Quanto ao investimento na defesa, os especialistas norte-americanos dizem que só é possível proteger uma fração do território e que a atual arquitetura de comando e controlo seria incapaz de "processamento de dados com rapidez suficiente para responder e neutralizar uma ameaça hipersónica", como se lê no relatório do Congresso sobre o tema. Para os peritos da Chatham House, falando sobre a "ameaça russa", mas com um argumento que se estenderá aos outros países, "a tentativa de desenvolver e instalar sistemas semelhantes pode ser um desperdício. Em vez disso, pode ser mais prudente concentrar-se nas capacidades que perturbam e deterioram a infraestrutura militar - por exemplo, C4ISR (Comando, Controlo, Comunicações, Computadores, Informações, Vigilância e Reconhecimento) e outros sistemas de neutralização em cadeia -, que dão às novas armas esse potencial", lê-se numa análise sobre a tecnologia militar russa.
"Definitivamente, não é uma mudança de jogo, é uma corrida ao armamento. Em grande parte é para mostrar que qualquer arma que mais alguém possa desenvolver eles tê-la-ão primeiro", disse Cameron Tracy, perito em controlo de armamento da Universidade Stanford, à AFP. Para Tracy é crucial levar o hipersónico para as negociações de controlo de armas nucleares, ainda que a Coreia do Norte e a China não façam parte de quaisquer pactos. "O desenvolvimento destas armas, esta corrida ao armamento hipersónico, não é provavelmente a situação mais estável.
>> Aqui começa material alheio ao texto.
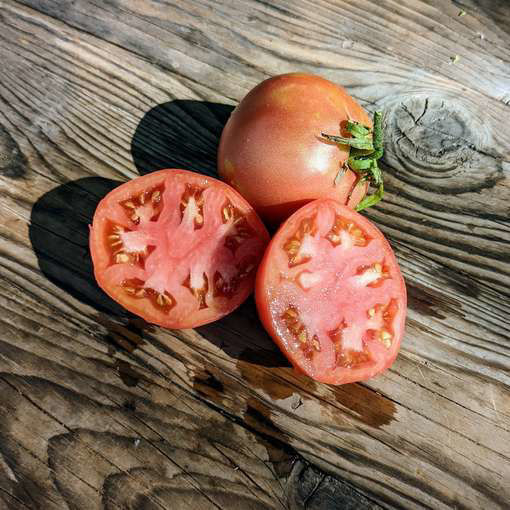 Perestroika Tomato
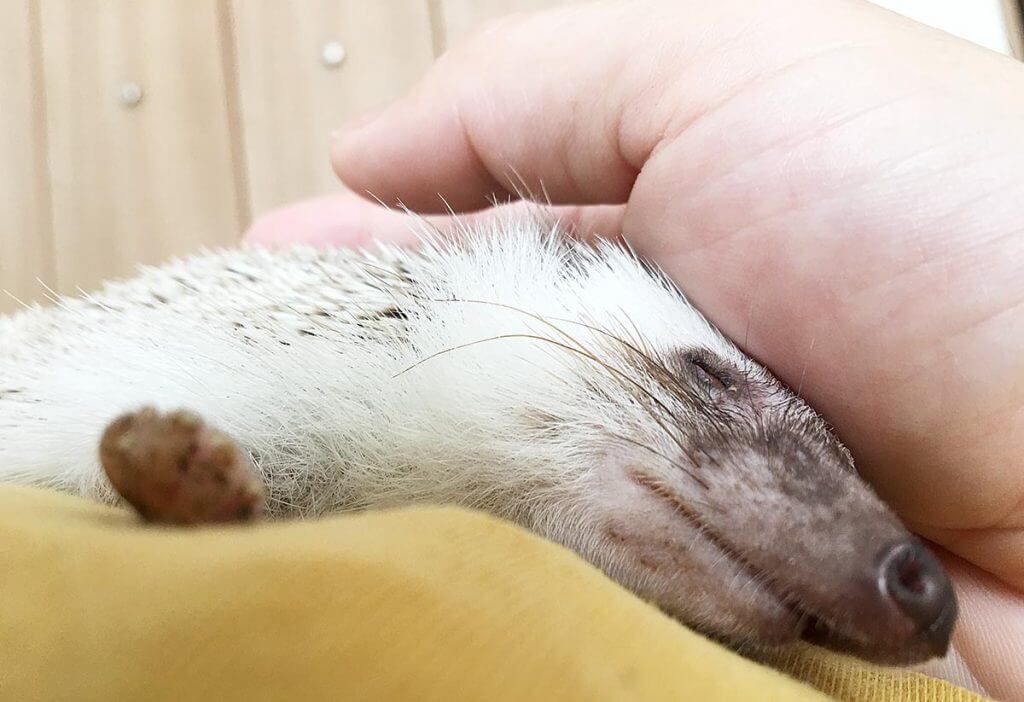 人間の手の中で眠るハリネズミ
Portanto, seria bom agir o mais rapidamente possível."
Para o investigador francês Joseph Henrotin, "não faz sentido olhar para a propagação de sistemas hipersónicos como o início de uma "hiperguerra" conduzida apenas a alta velocidade", embora "o caráter das futuras operações militares seja, sem dúvida, afetado por sistemas que revalorizam a surpresa, violentam os ciclos de tomada de decisões, desfocam as perceções e aumentam a liberdade de ação dos Estados", escreveu num texto publicado no IFRI.